A gauche, un dessin du Trapèze d'Orion réalisée avant 1654 par Giovanni Batista Hodierna. Au centre, un dessin réalisé par Charles Messier en 1769 qui utilisa plusieurs télescopes et lunettes entre 90 et 200 mm d'ouverture. A droite, un dessin réalisé vers 1850 par Lord Rosse avec son télescope de 1.83 m d'ouverture installé au Château de Birr Castle.

C'est bien sûr Charles Messier qui catalogua les 42e et 43e nébuleuses dans son fameux catalogue le 4 mars 1769 pour éviter de les confondre avec des comètes. Quelques années plus tard, respectivement en 1774 et en 1825, William Herschel puis son fils John l'observèrent à leur tour avant que l'américain Henry Draper, spécialiste des spectres stellaires, ne parvienne à la photographier pour la première fois en 1880 au foyer d'une lunette de 275 mm d'ouverture.

Aujourd'hui on estime que Messier 42 est distance de 1600 années-lumière, 4 fois plus éloignée du système solaire que Bételgeuse et deux fois plus éloignée que Rigel. Avec un diamètre apparent d'au moins 1°, sa dimension réelle atteint 30 années-lumière; elle est 20000 fois plus vaste que le système solaire !

Ces dessins permettent d'apprécier l'aspect visuel de M42 dans des instruments modernes modérément puissants. Le grossissement utilisé correspond grosso-modo à 20% du diamètre de l'optique exprimé en millimètres afin d'obtenir une pupille de sortie voisine de 4.5 mm. Ci-dessus à gauche, un dessin réalisé par un membre du club RASC de Victoria avec un télescope Schmidt-Cassegrain de 250 mm à 62x.
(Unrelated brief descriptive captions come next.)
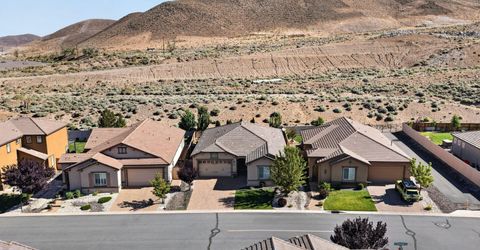 3055 Show Jumper Lane, Reno, NV 89521 Photo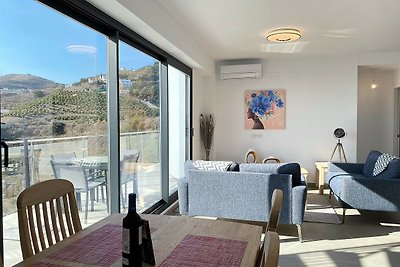 Penthouse Balcon del Mar 124 by Casasol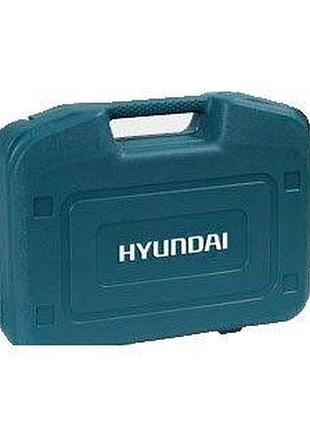 Перфоратор hyundai h 1100 8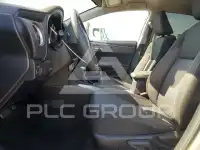2017 Toyota COROLLA фото
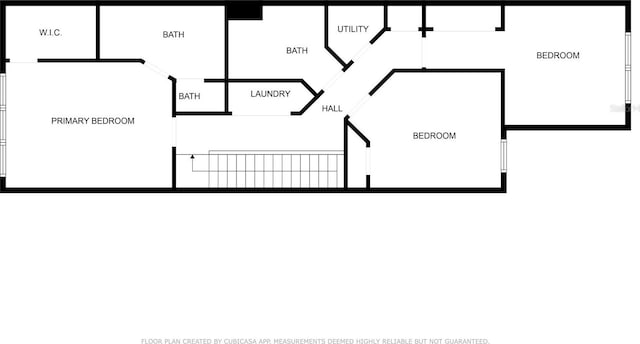 4910 Chatham Gate Drive Dr, Riverview, FL 33578 - property floor plan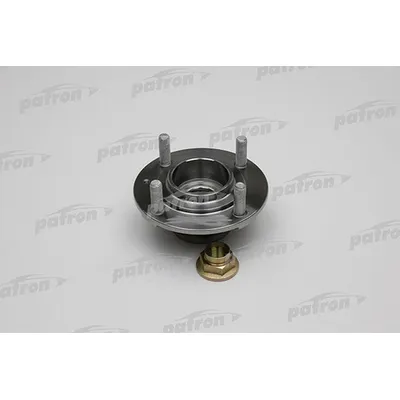 Ступица колеса задн HYUNDAI: ACCENT 94-00 с ABS PATRON PBK3267H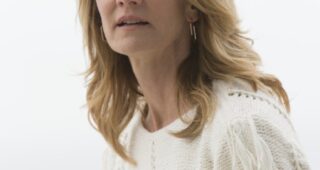 Big Little Lies : Photo Laura Dern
A droite, un dessin réalisé par S.Larry avec un télescope de 333 mm à 79x. Ci-dessous, à gauche un dessin réalisé par Tom Polakis avec un télescope de 330 mm à 75x. A droite, un dessin réalisé par Tony O'Sullivan avec télescope Dobsonien de 368 mm f/5.6 à 78x.

M42 est cataloguée comme région HII car elle se caractérise par un milieu interstellaire ionisé par le rayonnement d’intense énergie émis par de jeunes étoiles. La masse des particules forme un nuage de gaz et de plasma qui est excité électroniquement par les étoiles chaudes du Trapèze situées au coeur de la nébuleuse qui émettent un rayonnement UV intense. On estime que la masse de cette nébuleuse représente l'équivalent de 2000 M. Autrement dit, cette nébuleuse contient assez de matière pour former 2000 étoiles similaires au Soleil.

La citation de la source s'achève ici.